As crowd funds are dispersed to buy 80% of the property price, there is a schedule return. During the first few years, the buyer of the property have to repay the 20% loans from the banks. This 20% can be a substantial amount for a B40.
As the value of the property increases over time, this 80% worth becomes 100% and 120%. For e.g., the property of RM100,000 becomes RM123,000 in three years (7.2% annual growth). So, the 80% which was RM80,000 actually is protected by the market value of RM120,000 (around there).

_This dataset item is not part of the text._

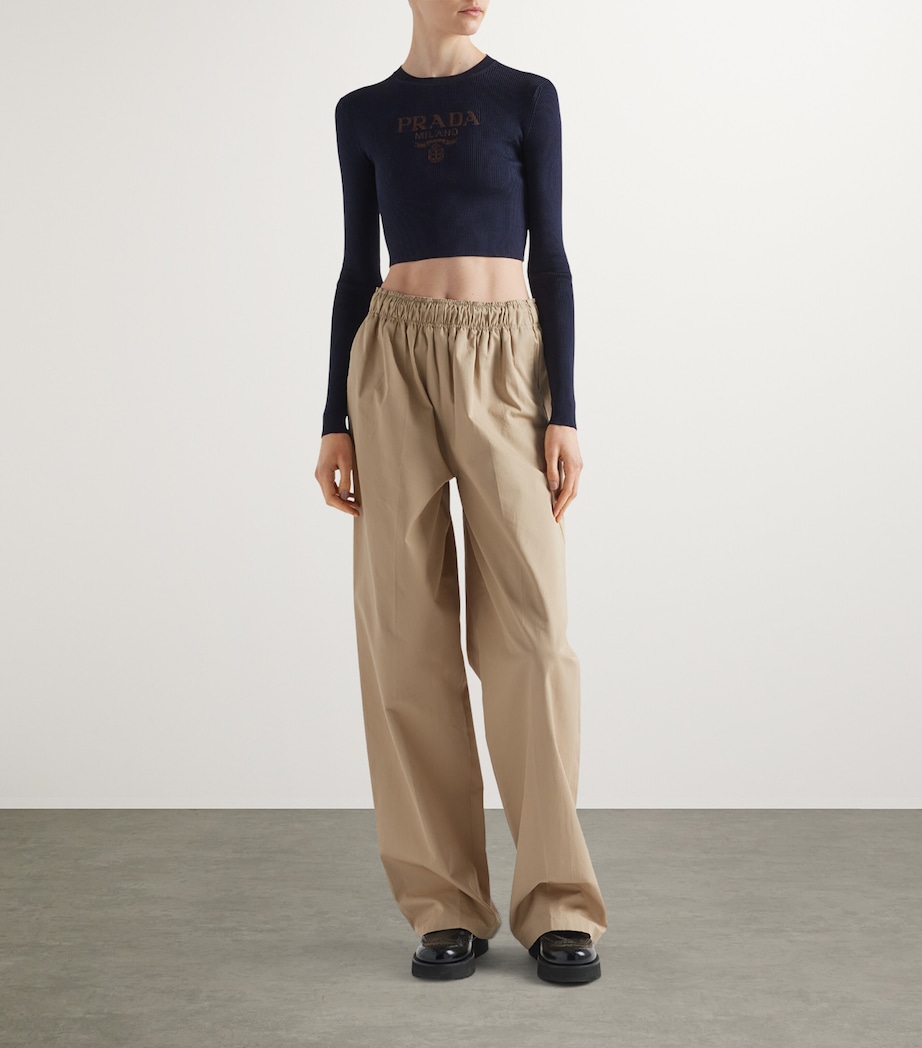 Silk Cropped Logo Sweater F0008 Image 2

Now, as the “owner” has yet to fully settle the debts, he does NOT own the property. When the RM80,000 P2P Fund is now worth RM120,000, he is still servicing the 20% with interest. Assuming that he is a hardworking person, his income could increase over time. By 5 years’ time, his income might have doubled. By then, he could have paid off the 20% loan from the bank and have surplus money to pay for the property or eligible to take another mortgage. At this point, if the price is kept at its original selling price, then this is a benefit.
This way, a person could indeed take advantage of P2P crowd fund to cover the 80% of the property price despite the bank not being able to give out loans for whatever reason.
But, it isn’t!
So, in 5 years time, he could start owning a home like any other M40 or T20 in the strata of household income. But, in the current state of FundMYHome, it isn’t so.